The muscles behind the spine are gently detached from the spinal cord bones, and the bony roof above the spinal cord and any soft compressive tissues are carefully removed using small drills and other fine tools. Any nerve fibers under compression is identified and decompressed. 

 

In some cases, fusion surgery is used to stabilize the spine. X-rays are then used to check the alignment of the spine and the correct placement of the bolts required for fusion. 

 

The surgeon also removes any bone spurs and bone fragments that may be pressing on the nerve fibers. In the final stage, the surgical site is closed with sutures or staples. 

 

What are the risks of a laminectomy? 

 

Spinal surgery with laminectomy can have specific risks.
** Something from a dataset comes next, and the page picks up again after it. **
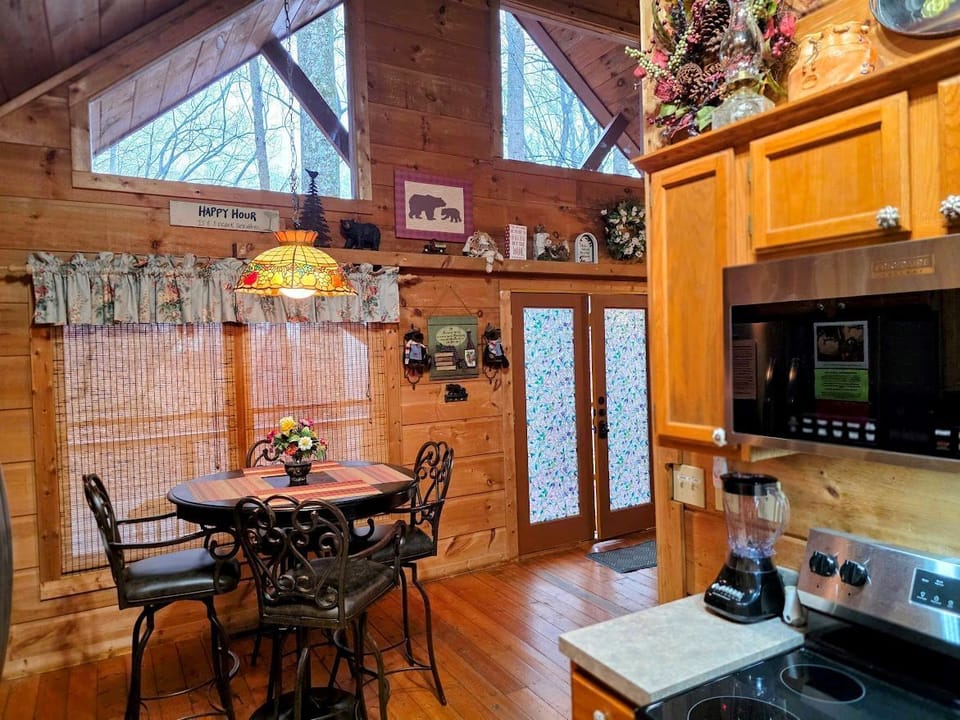 Dining area is just off the kitchen. The bar high table has 4 padded bar stools 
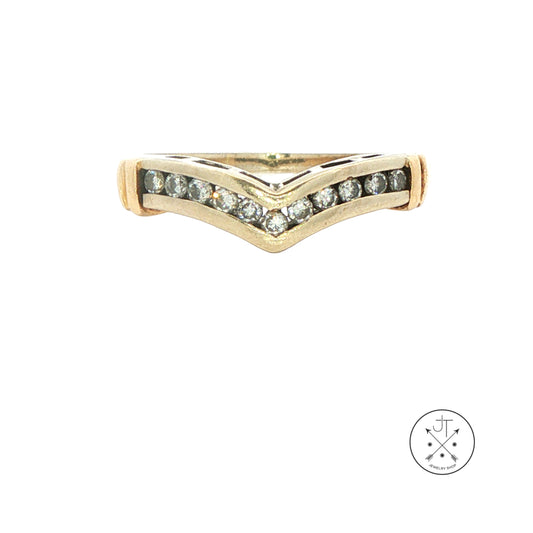 A vintage white gold ring with a chevron V-shaped design, featuring a row of small diamonds on the front. The ring is displayed on a clean white background with a circular logo in the bottom right corner.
Including: 

 

  • Spinal nerve damage 
  • Unsuccessful surgery that can lead to continued pain after surgery. 
  • Back pain, especially after spinal fusion 
  • Infection at the surgical site or vertebral bones 

 

  • Spinal cord fluid leakage due to rupture of the membrane that surrounds the spinal cord. 
  • Also, some risks threaten the patient in all surgeries. Including blood clots in the legs and pulmonary embolism, respiratory problems, infection, blood loss, heart attack, stroke, and drug reaction

How long does it take to recover from laminectomy? 

 

This time depends on the amount of surgery and the patient's condition. If the laminectomy is minor, the patient will usually be able to do light housework and work not requiring to bend after a few days to a few weeks. But if this operation is accompanied by fusion; Recovery time is longer. It may take between two and four months. 

 

As soon as the doctor sees suitable, he or she will prescribe light walking and physical therapy exercises to speed recovery. In any case, you cannot be sure of your full recovery before six weeks. 

  

Long-term prospect of laminectomy 

 

Laminectomy often relieves the symptoms of spinal stenosis. However, it cannot be said that this surgery prevents spinal problems in the future or even relieves the pain completely. For this reason, the possibility of other spinal problems should never be ignored and the principles of safety and caution should always be observed.